Artigos autorais

Slam das Minas SP – Uma semente que virou floresta, por Arthur Yuka

Encantamento, sensação de deslumbramento, admiração, grande prazer que se tem como reação a alguma boa qualidade do que se vê, ouve, percebe. O Slam das Minas não fica apenas na sensação, mas é estado de espírito permanente. Impossível passar incólume a força das mulheres que fazem, proclamam, encantam e vivem suas próprias poesias. São quatro anos de um espaço de pertencimento, cumplicidade e admiração umas pelas outras.
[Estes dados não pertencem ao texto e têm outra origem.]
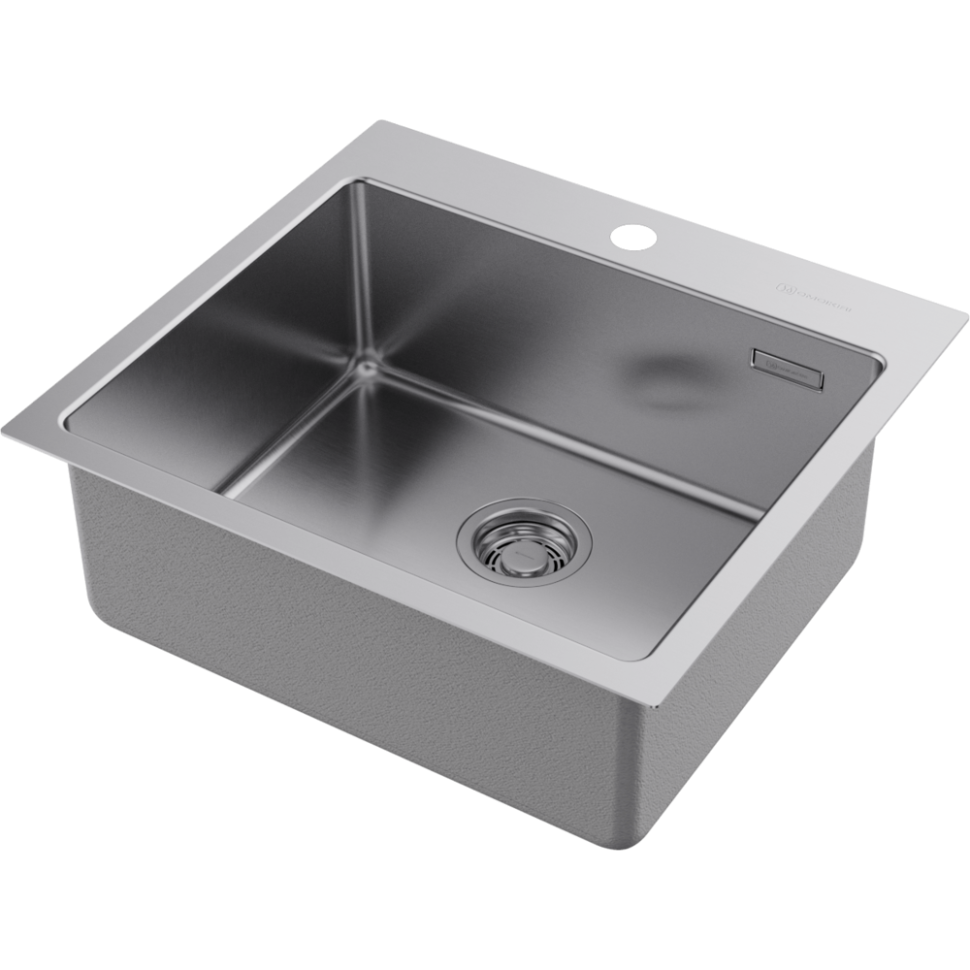 Кухонная мойка Omoikiri Amadare 55-IN нерж. сталь/нержавеющая сталь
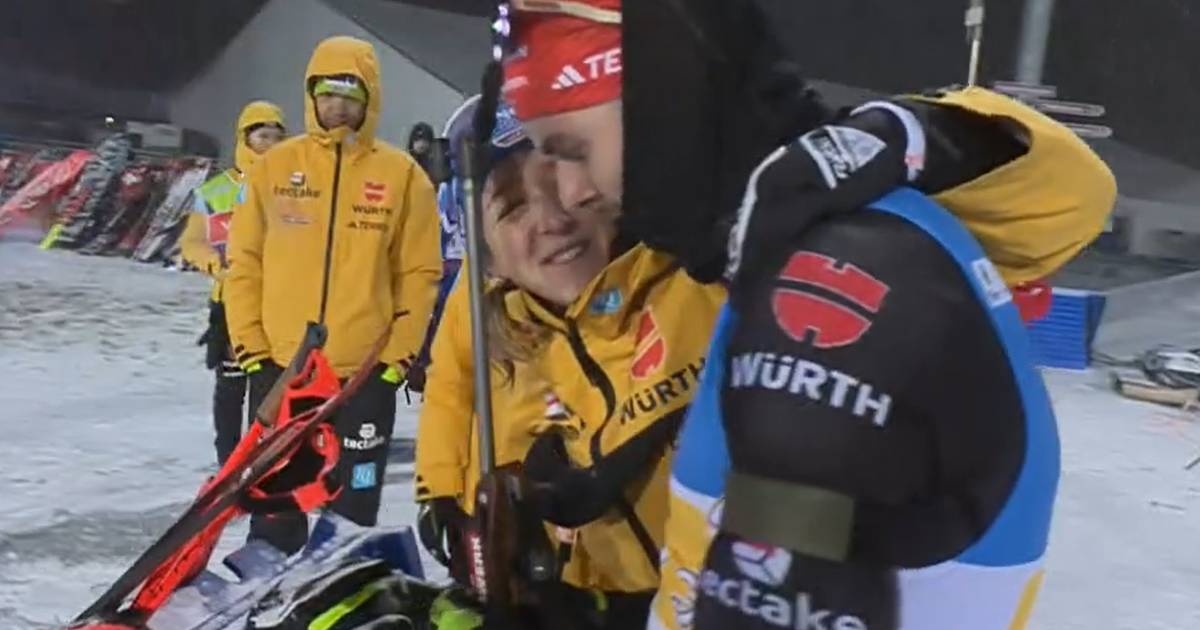 Bitter German Debut in Biathlon:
Sim, o Slam das Minas é uma pela outra, uma por todas e todas por cada uma das mulheres que vivem em estado de slam. Um lugar de reconhecimento e empoderamento feminino, lugar de amor e paz, de guerra e luta pelo espaço que é delas, reconhecimento para elas. Onde todas são dez, todas as notas são máximas, pois não há distinção na luta, não há vitória individual e nem mundo que se construa sozinha. As mulheres sabem, sábias minas que em suas rimas e batalhas diárias, poetizam de maneira visceral o compartilhamento de um mundo originário delas. O mundo é delas, feito por elas e só funcionará, de fato, quando todos entenderem que são elas as protagonistas de nossas histórias.

O Slam das Minas é uma batalha de poesia feita por mulheres e para mulheres. Onde cada uma tem sua vez e sua voz. E proclamam seus poemas sob os ouvidos atentos de um júri também composto por mulheres, que dão notas de zero a dez. Pelo menos é a premissa, mas o reconhecimento e identificação é tamanho que torna-se normal visualizarmos plaquinhas com 100, 1.000, 10.000. 100.000, 10+10+10, 10! DEZ! Só dez! Sim, não há números para caber tantas vozes. As artistas das palavras expressam o indizível da maioria de nós, gritam os tambores do peito numa batida de milhares de corações calejados e apertados, mas que insistem em bater por elas e pra elas.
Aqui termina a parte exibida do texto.